Data excerpts
★ ★ ★ ★

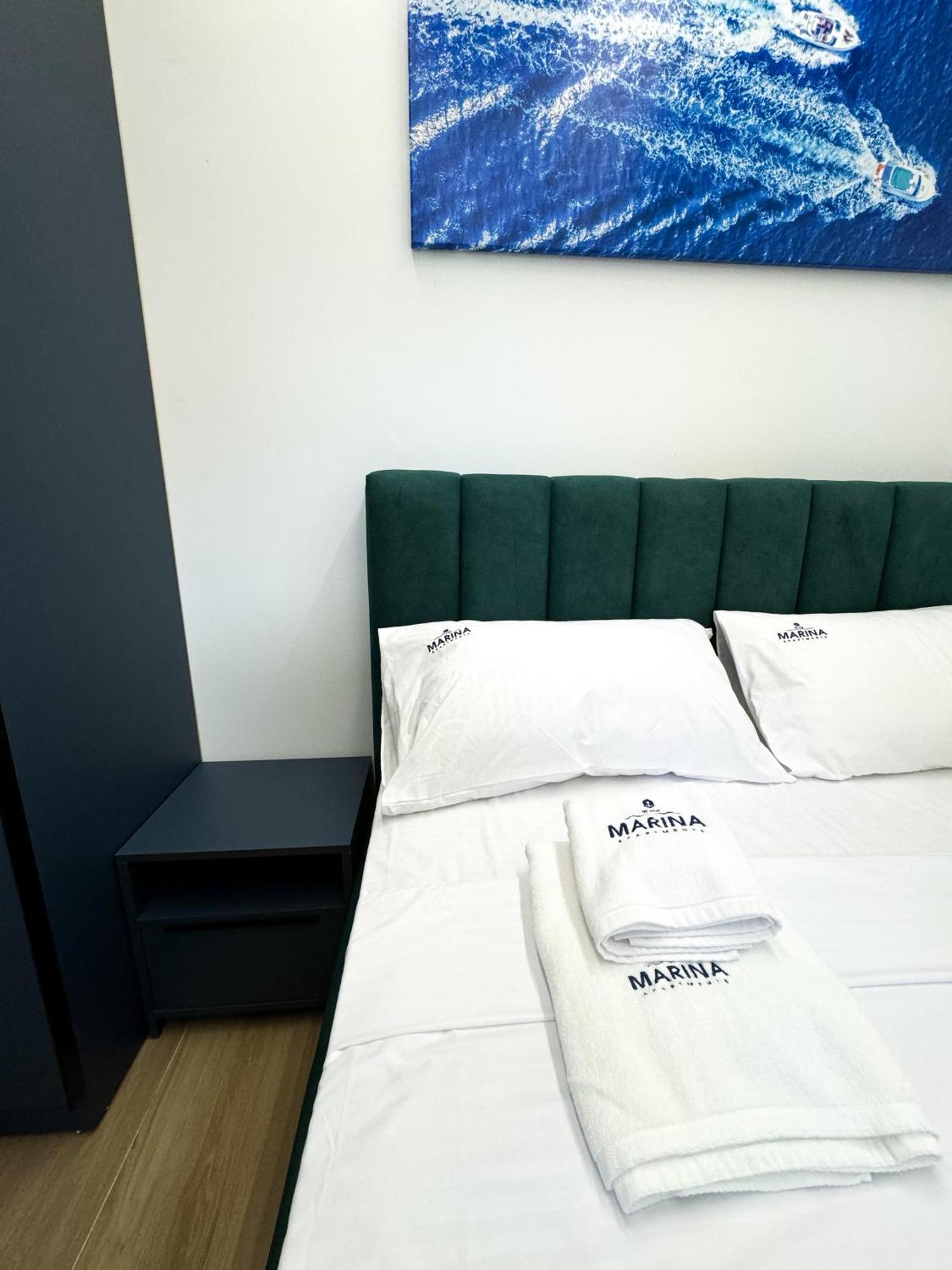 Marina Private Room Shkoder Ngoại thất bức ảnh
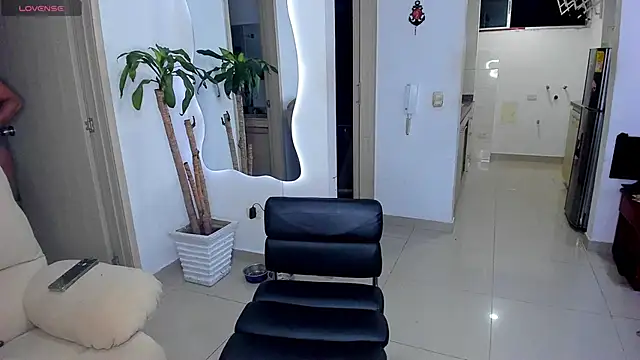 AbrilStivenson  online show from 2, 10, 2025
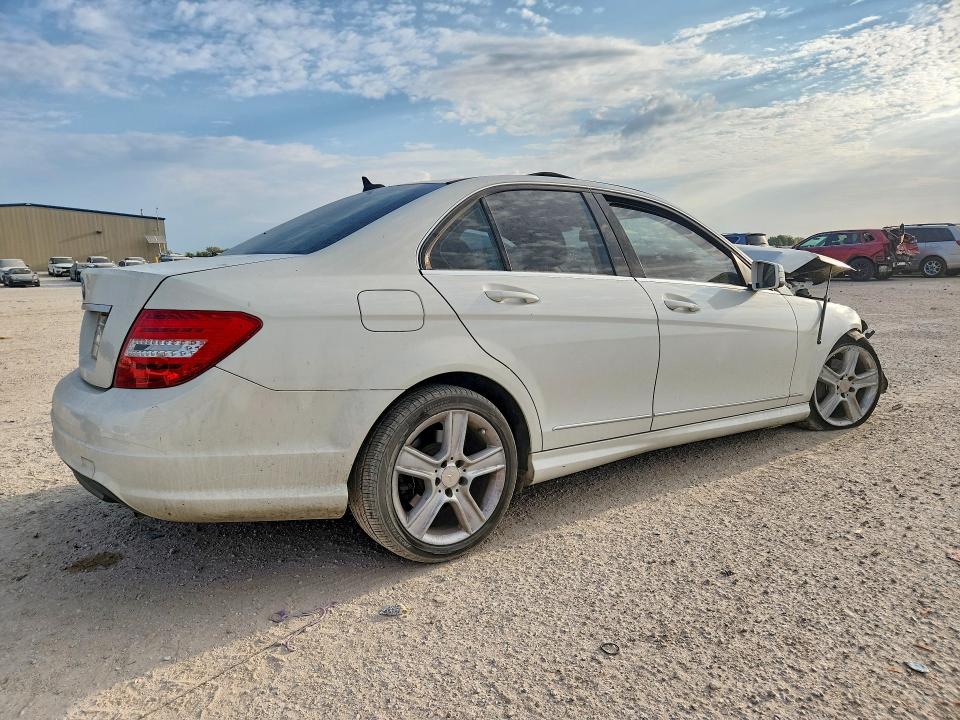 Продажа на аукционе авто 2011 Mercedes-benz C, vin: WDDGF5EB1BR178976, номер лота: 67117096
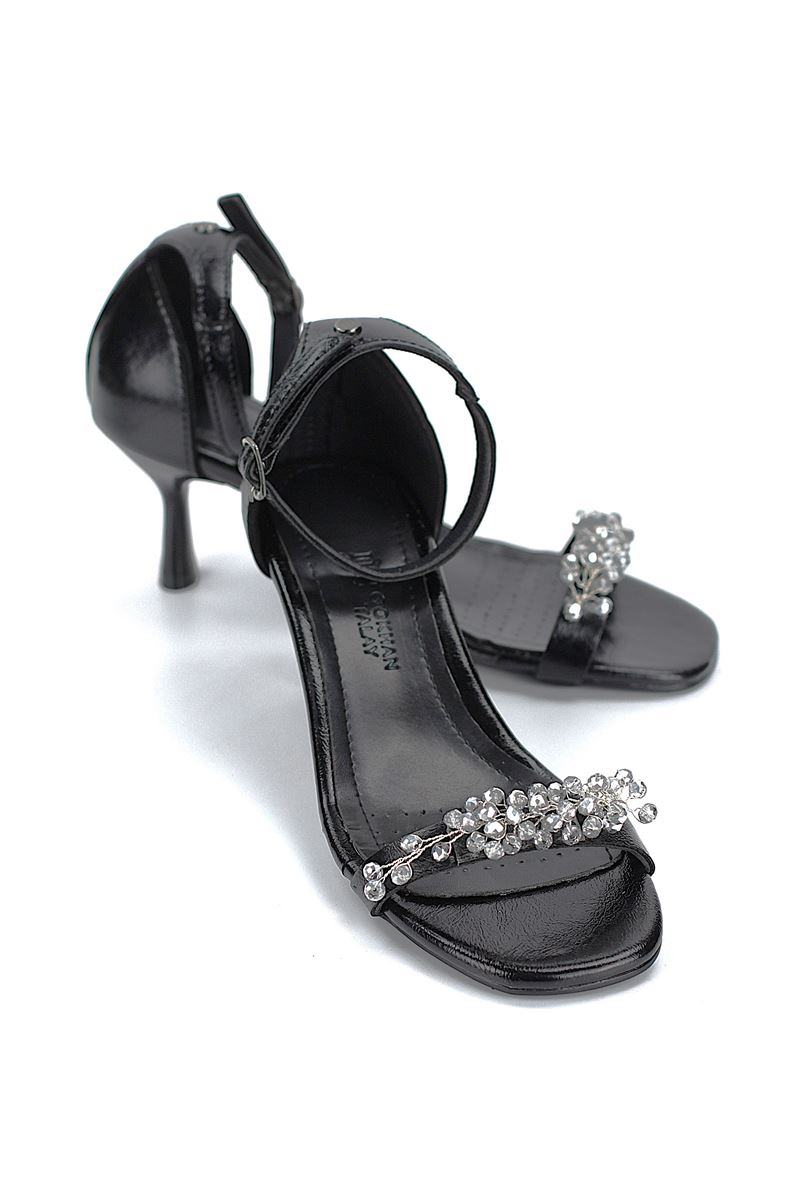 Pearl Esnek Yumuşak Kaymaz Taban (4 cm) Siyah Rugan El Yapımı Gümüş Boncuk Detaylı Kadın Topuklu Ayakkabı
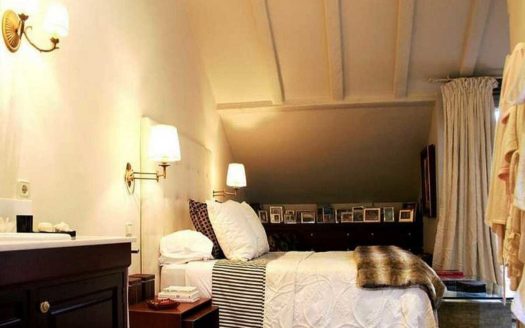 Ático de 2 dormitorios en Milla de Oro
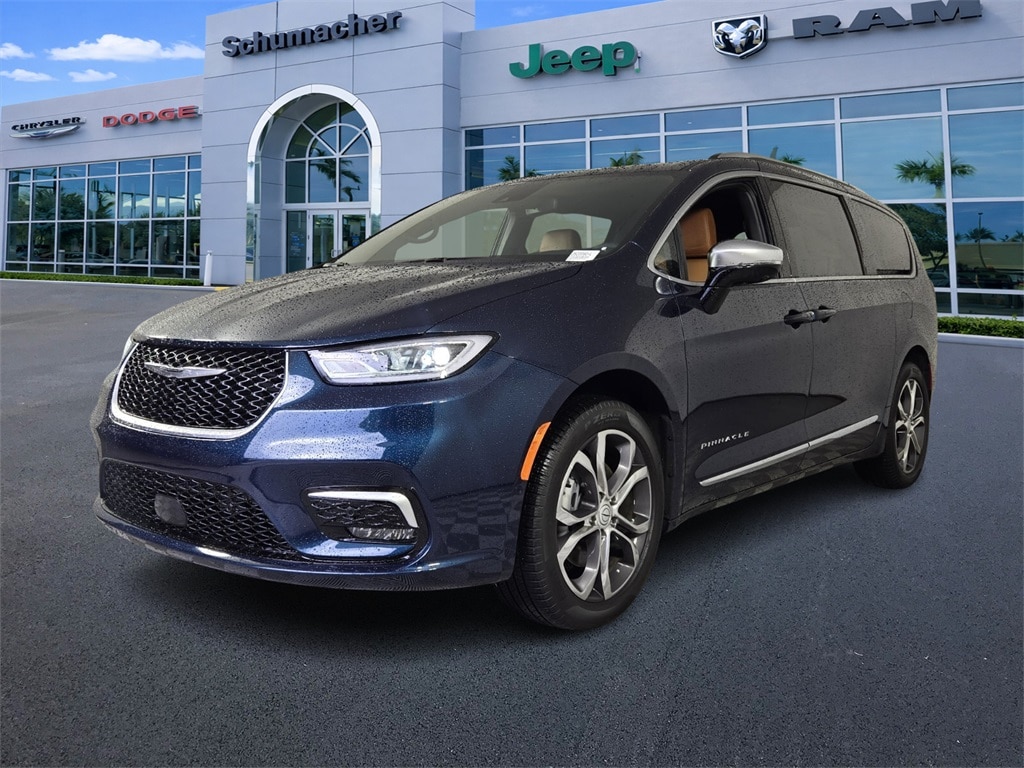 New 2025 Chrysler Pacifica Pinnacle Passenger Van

★ ★ ★ ★

Write out exactly the lines from the line holding "2, 10, 2025" through the last line of the records above, inclusive, and nothing more. Leave out the pictures.

 AbrilStivenson  online show from 2, 10, 2025
 Продажа на аукционе авто 2011 Mercedes-benz C, vin: WDDGF5EB1BR178976, номер лота: 67117096
 Pearl Esnek Yumuşak Kaymaz Taban (4 cm) Siyah Rugan El Yapımı Gümüş Boncuk Detaylı Kadın Topuklu Ayakkabı
 Ático de 2 dormitorios en Milla de Oro
 New 2025 Chrysler Pacifica Pinnacle Passenger Van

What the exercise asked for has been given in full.